M. Alain Lobognon, Conseiller Spécial du Premier Ministre Soro Guillaume

Le front politique en Côte d’Ivoire est caractérisé ces dernières semaines par une sorte de cacophonie qui semble annoncer une tempête, si rien n’est fait. C’est pourquoi, à mon sens, c’est plus qu’un devoir pour chaque ivoirien et même chaque africain, de s’arrêter un instant pour réfléchir et faire des propositions allant dans le sens d’une sortie de crise sans (nouveau) dommage.
Ce que j’appelle cacophonie, ce sont les déclarations tout aussi tonitruantes que contradictoires qui fusent ça et là, de part et d’autre des deux camps (anciennement) en belligérance. En fait, ce qui me semble pour le moins inquiétant, c’est que depuis un certain temps, on commençait à s’habituer à une entente tacite entre le camp présidentiel et les Forces Nouvelles (FN), qui semblait tenir d’une sorte de « gentlement agreement ». Mais voilà que, tout à coup, les vieilles haches de guerre sont déterrées.
De quoi s’agit-il exactement ?
Le débat sur la chronologie entre le désarmement et la tenue des élections refait surface de la plus mauvaise manière qui soit, chaque camp voulant retenir l’enchainement qui l’arrange le mieux, au mépris, pour certains, des textes pourtant signés d’accord partie.
Le camp présidentiel réclame, à cor et a cris, le désarmement total des Forces Nouvelles avant d’envisager un quelconque scrutin, alors que les FN, de leur côté, se focalisent sur la nécessité d’achever au plus tôt la liste électorale afin de passer aux élections. Me Afoussy Bamba, nouvelle Porte-Parole des FN, de préciser que les Accords de Ouagadougou ne demadent pas que « le dernier soldat FN dépose les armes avant la tenue des élections ». Et le Ministre Sidiki Konaté de renchérir « le désarmement concerne autant les forces loyalistes que les FN ». A côté de cela, on a le RHDP (la coalition des principaux partis politiques d’opposition) qui, par la voie de leur jeunesse, demandent la tenue des élections dans les plus brefs délais.
Ce que cela m’inspire
A mon avis, cette situation est bien caractéristique de l’Afrique où on pense que, si on n’est pas d’accord sur un sujet, alors on devient automatiquement des ennemis, ce qui est proprement antinomique avec les valeurs fondamentales de la démocratie qui, elle, est fondée sur le débat contradictoire.
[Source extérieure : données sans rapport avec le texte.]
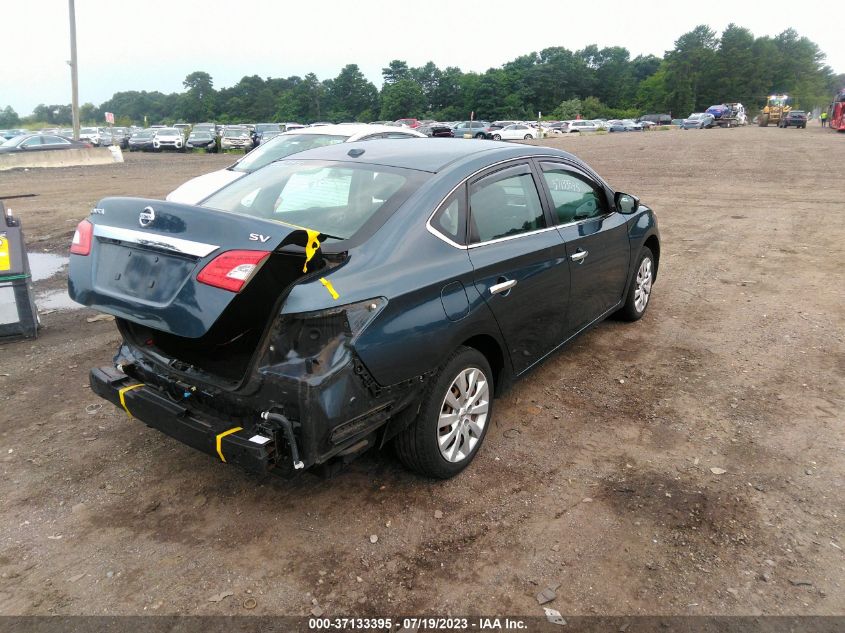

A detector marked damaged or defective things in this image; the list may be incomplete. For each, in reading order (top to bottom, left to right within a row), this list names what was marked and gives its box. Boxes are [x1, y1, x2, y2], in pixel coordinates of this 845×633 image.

En effet, à bien y regarder, si on avait privilégié le débat contradictoire avec comme objectif d’abourit aux décisions les meilleures, et pas forcément à celle qui avantagent tel ou tel camp, c’est sûr qu’on ne parlerait pas aujourd’hui de guerre en Côte d’Ivoire !
Mais d’un autre côté, sans vouloir prendre parti dans cette « dispute » politique partisane, j’aimerais souligner que si l’on veut vraiment avoir des élections utiles, on ne peut pas se permettre de passer outre deux conditions essentielles : la confections d’une liste électorale « propre » (c’est-à-dire avec le moins de constestations possible), et le retour à une situation militaire à peu près normale( c’est-à-dire où il y a une seule armée sur le terrain). Maintenant, pour l’opérationnalisation et la mise en oeuvre pratique de ces deux conditions, vu la tension actuelle, je préconise que le dialogue soit intensifié et que toutes les décisions se prennent dans la transparence, sur la base des accords déjà signés, notamment l’APO, qui affirme bien, n’en déplaise à Me Afoussy Bamba, que le désarmement doit avoir lieu au moins deux mois avant la tenue des élections.
J’espère de tout coeur que les politiques ivoiriens sauront retrouver le chemin d’un dialogue franc et efficace.
K@rl
Blogueur africain

Elections en Côte d’Ivoire : une véritable pagaille organisée !

4 février 2010

Robert Beugré Mambé, Président de la CEI

Depuis la tentative de coup d’Etat avortée du 19 septembre 2002, la Côte d’Ivoire est coupée en deux tant physiquement que politiquement (n’en déplaise aux théoriciens de la réunification et de la paix retrouvées). Physiquement car, malgré les avancées enregistrées depuis la signature de l’Accord Politique de Ouagadougou (APO) et la création de structures mixtes pour assurer la sécurité dans les zones Centre Nord Ouest (CNO), force est de constater avec amertume que l’autorité de l’Etat n’est pas encore établie dans cette partie du pays. Et politiquement, là c’est plus qu’évident, quand on considère les agitations des deux camps anciennement en guerre.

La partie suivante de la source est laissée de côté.